Livie pegó un bote. Agitó las manos, que golpearon los platos, y un cuenco cayó de la mesa, en tanto el otro volcaba. La leche, plátano y cereales restantes se desparramaron ante las patas delanteras de la gata. Panda se quedó impertérrita. Siguió lamiendo.

– Lo siento -dijo Chris. Recogió los platos, mientras la gata saltaba al suelo con sigilo y huía por el pasillo para evitar el castigo-. ¿Estabas dormida?

Había algo raro en su cara. Sus ojos parecían desenfocados, y tenía los labios exangües.

– ¿No has visto a Panda? -preguntó Chris-. No me gusta que se suba a la mesa, Livie. Lame los platos, y no es muy…

– Lo siento. Estaba distraída.

Livie pasó la mano sobre el periódico, la apartó manchada de tinta, y ordenó las páginas. Lo hizo con sumo cuidado. Reordenó, alineó las esquinas, alisó, dobló, guardó. Chris la observó. Su mano derecha se puso a temblar, de modo que la dejó caer sobre el regazo y prosiguió con la izquierda.

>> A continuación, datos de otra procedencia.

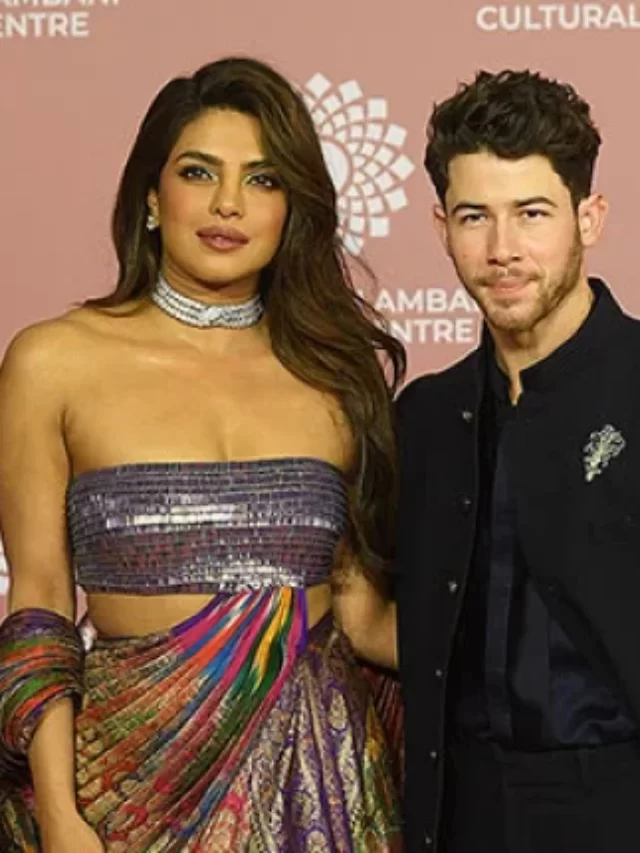 Priyanka Chopra and Nick Jonas attended a gala event in Mumbai, India, where they turned heads with their stunning outfits.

– Ya lo haré yo -dijo Chris.

– Se han mojado algunas páginas. De leche. Lo siento. Aún no lo habías leído.

– No pasa nada, Livie. Solo es papel. ¿Qué más da? Puedo comprar otro.

Recogió el cuenco de Livie. Había jugueteado con los cereales durante el desayuno y, por lo que se veía, no había hecho otra cosa en todo el rato. Cereales mojados y trozos de plátano ennegrecidos señalaban la trayectoria del cuenco que había volcado.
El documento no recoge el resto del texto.